We’d hit a dead end in more ways than one. The no-people sign is the culmination of a trend that has sought to protect wild nature by banning more and more human activities from the landscape — first hunting, then horseback riding, mountain biking, and now, finally, walking. It’s a dead end, as well, for our connection with the rest of nature. If the very presence of people is problematic, then our species — and the future of our relationship with the planet we live on — is in deep trouble.

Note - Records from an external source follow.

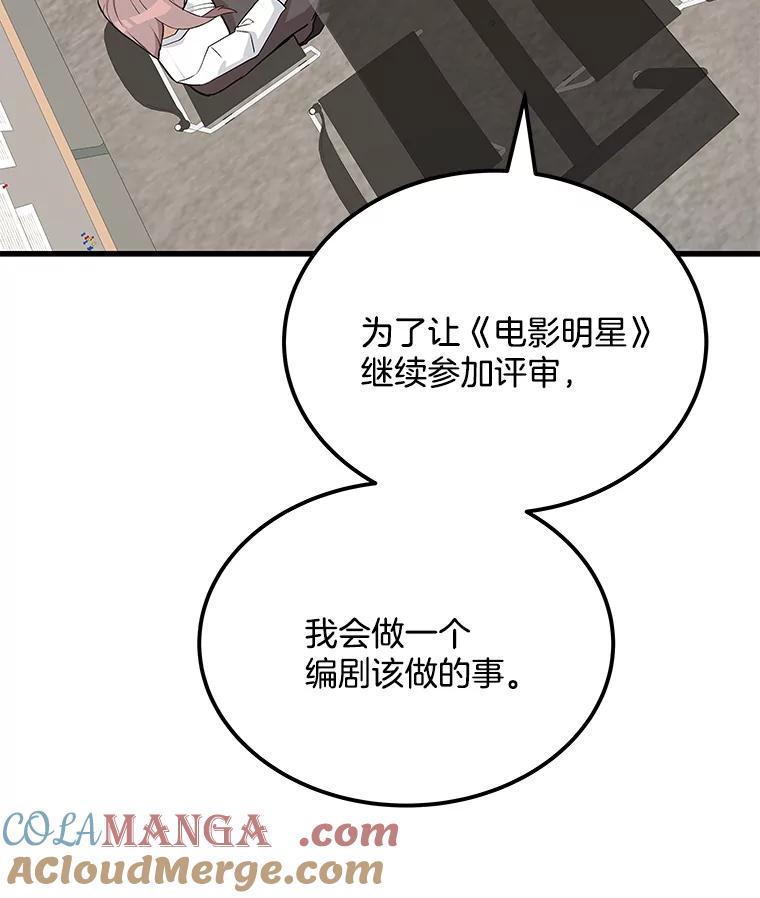 《看见剧透的编剧》21.再次落选 第85页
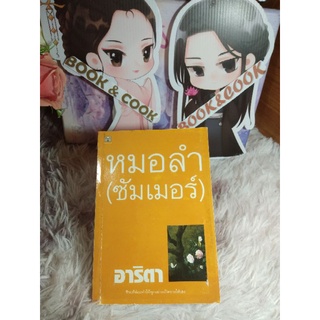 หมอลำซัมเมอร์ โดย อาริตา#มีรอยปลวกแทะปกหลัง#ดูรูปก่อนสั่งซื้อ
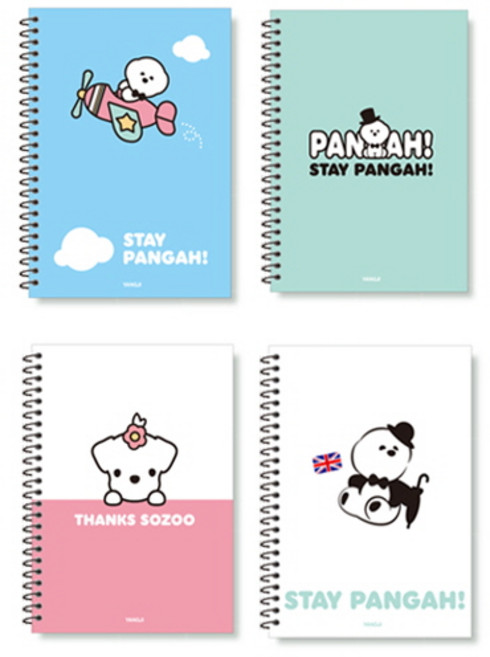 양지사 스프링노트 B2 학생 공책 양지, 단품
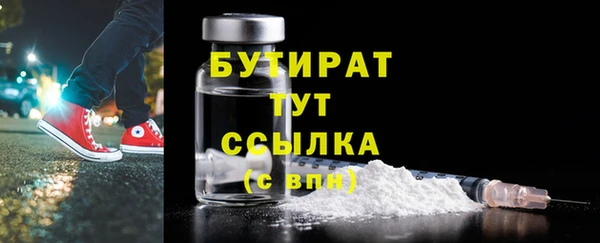 дмт Ладушкин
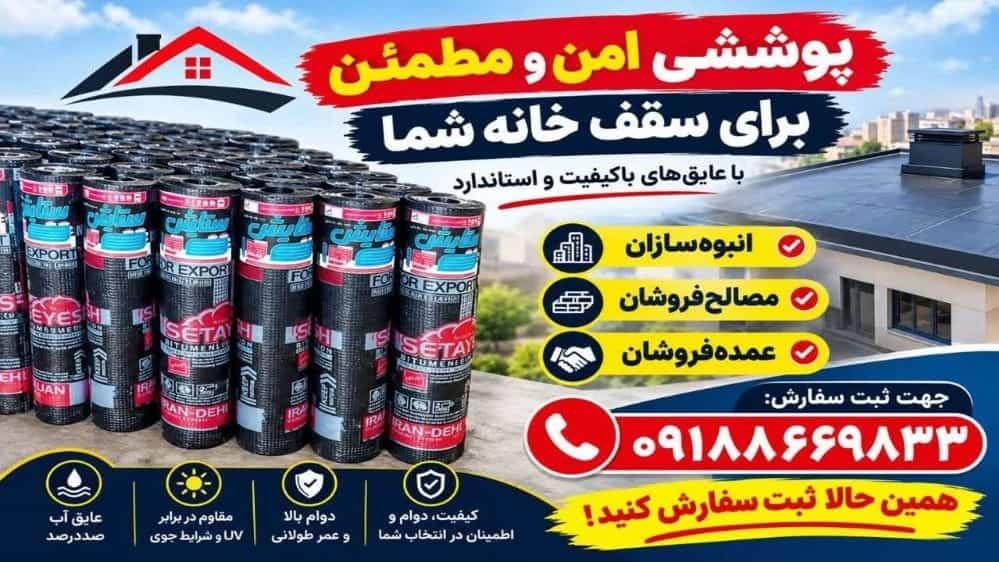 خرید ایزوگام ستایش با بهترین قیمت عایق کاری سقف و ساختمان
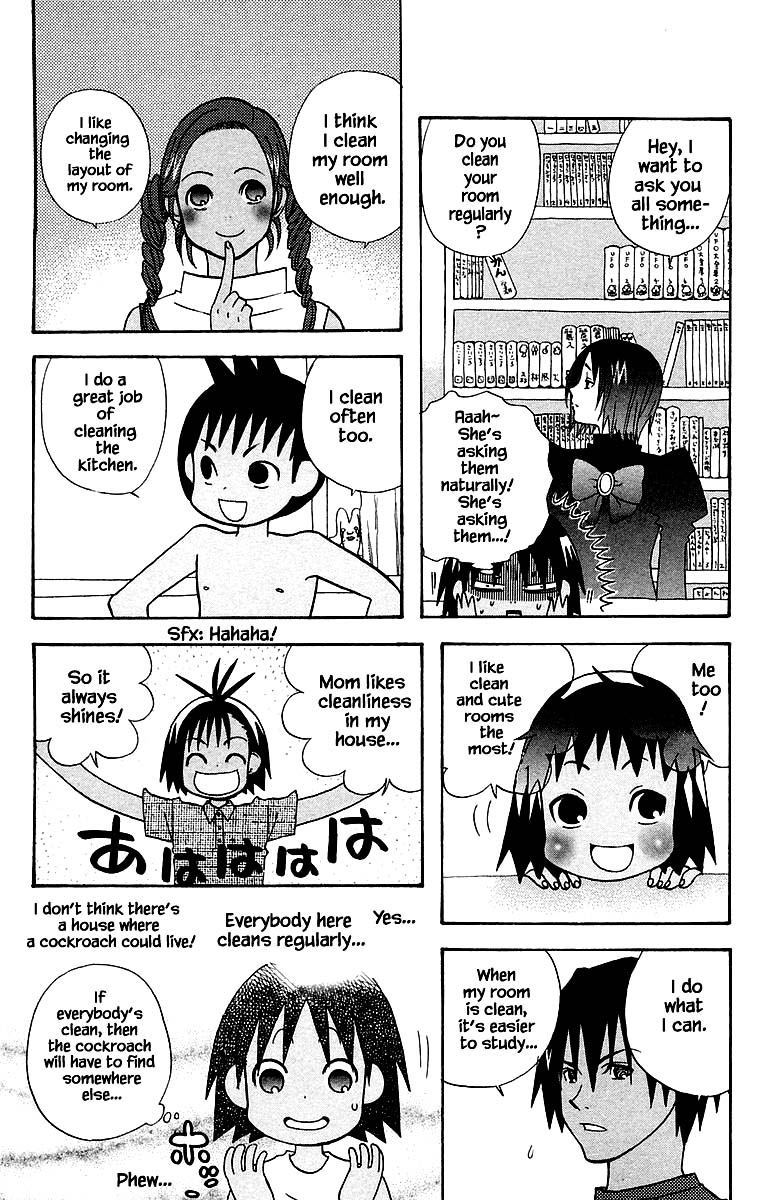 Jungle Guu Chapter 86 page 9 - Chapter 86
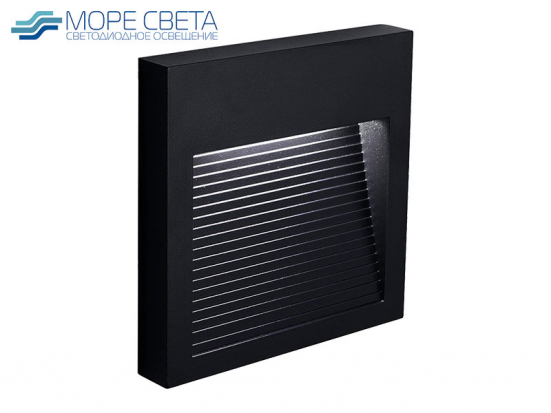 Лестничный LED светильник Feron DH204 5W 4000K IP65 Черный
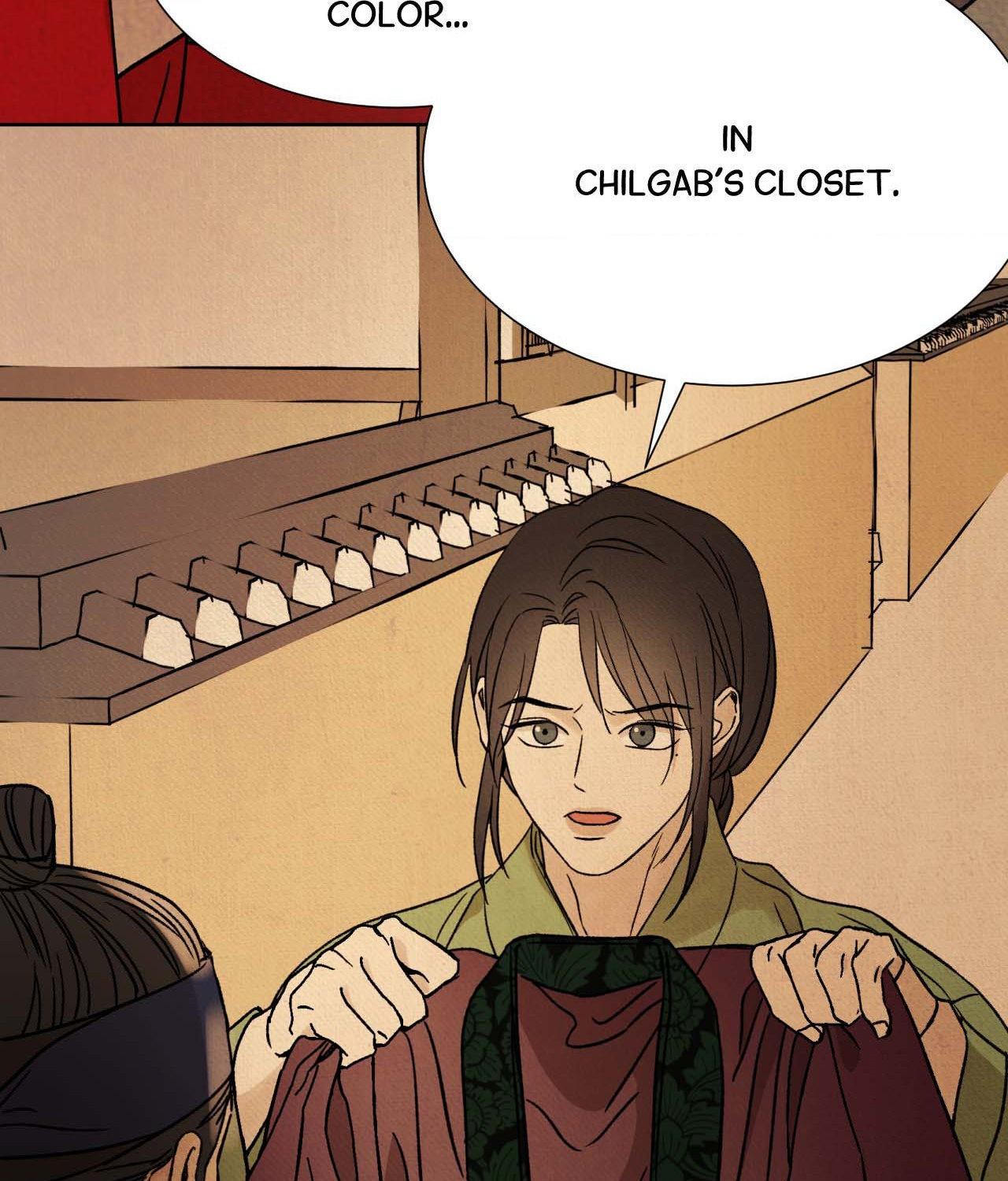 The Alluring Tale of Mong-ryong - Chapter 21 manhwa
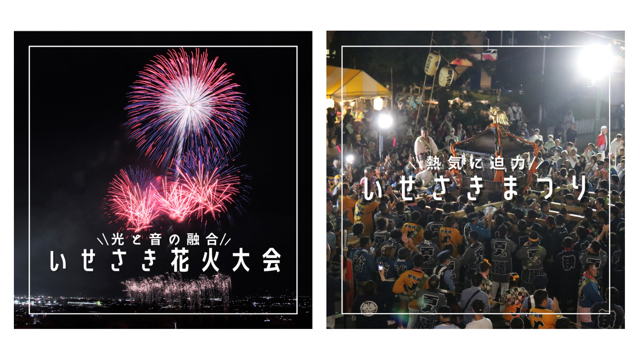 isesakicity_lg's tweet photo. ╭━━━━━━━━━━━━━━━╮
    伊勢崎市広報課 公式インスタ 📣
╰━━━━━━ v ━━━━━━━━╯
✅ 伊勢崎の”いち推し”の投稿待ってます！
① 伊勢崎の "いち推し" を撮影
②『#いち推し伊勢崎』をつけて投稿
https://t.co/6SMrHItVHWでリポストします！
フォローもお待ちしています✨ https://t.co/zfZ3dkZDqc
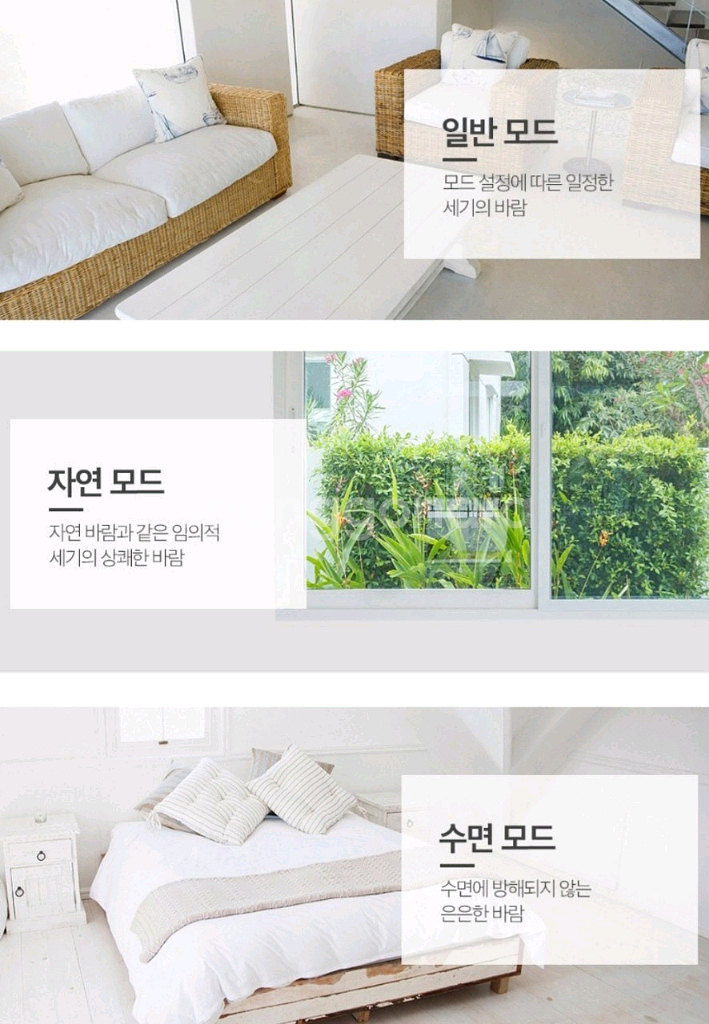 무소음 리모컨 스탠드 BLCD 선풍기--9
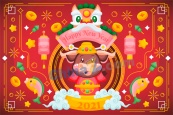 新年快乐矢量插画设计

Many environmentalists promote this way of thinking, explicitly or not. But their approach sets people and nature against each other. Instead of envisioning people as one species among many, it perpetuates a philosophy of human exceptionalism that — reflected through other prisms — becomes the rampant exploitation of nature’s gifts. If you believe that humans are an exception to the rule, it’s just as easy to decide that we deserve more than the other few billion species as it is to determine that we should be sequestered away from them for their protection.
This blindness to humans as a species at large in nature is ridiculously widespread. A respected scientific report on the ecological role of salmon in Pacific Northwest forests catalogued 137 species that rely on salmon runs as a regular part of their diet. The 138th species, which no one thought to mention? Human beings. In another study, ecologists tried to quantify how much nitrogen and phosphorus was delivered to salmon-bearing watersheds by predators and scavengers eating salmon carcasses and then depositing their scat in the woods. The researchers scrupulously estimated the amount of salmon that was consumed by native peoples in prehistoric times — and deducted those nutrients from what was available to the soil. What did they think the Indians did with their shit, lob it into outer space? Once those nutrients flowed into a human digestive tract, they became invisible to science.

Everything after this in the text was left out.